Body style choices were also limited to sedans, Handyman wagons (four-door in 1953–1954, two-door in 1955–1957) and (until 1955) the club coupe. The only body styles specific to the One-Fifty were decidedly fleet oriented — the business sedan — a 2-door sedan with immobile rear windows and back seat removed. Powertrain choices were limited to manual transmissions and low output engines until 1954. In 1957, a full race-ready version was also available, commonly known as the "Black Widow" for its black-and-white paint color. It was equipped with 4-wheel heavy-duty brakes, 6-lug wheels and dual shock absorbers.

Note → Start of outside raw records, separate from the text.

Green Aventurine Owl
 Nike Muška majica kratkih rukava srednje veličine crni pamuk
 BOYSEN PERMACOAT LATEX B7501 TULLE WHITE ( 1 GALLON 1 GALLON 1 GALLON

==First generation (1953–1954) ==

=== 1953–1954 models ===

This was the first year for both the One-Fifty and Two-Ten. The two model years were essentially the same, except that the business coupe (short roof) became the Utility Sedan (with a 2-door sedan body) for 1954. The 150 came only with the base engine in 1953. The 150 came with a horn button, rather than the 210 and upscale Bel Air's horn ring.

==== Powertrains ====
Three engines were used in the 1953–1954 model years, although not all were available at the same time. All One-Fifties in 1953 used a 3-speed Synchromesh manual transmission. Starting in 1954, Powerglide automatic transmission was available on this series.
- 235 in^{3} "Thrift-master" I6 rated at 93 hp (1953 sedan delivery only)
- 235 in^{3} "Thrift-King" I6 rated at 108 hp. (1953 standard equipment)
- 235 in^{3} "Blue Flame" I6 rated at 115 hp. (1954 standard equipment)
- 235.5 in^{3} "Blue Flame" I6 7.5:1 CR 125 hp (1954 optional equipment)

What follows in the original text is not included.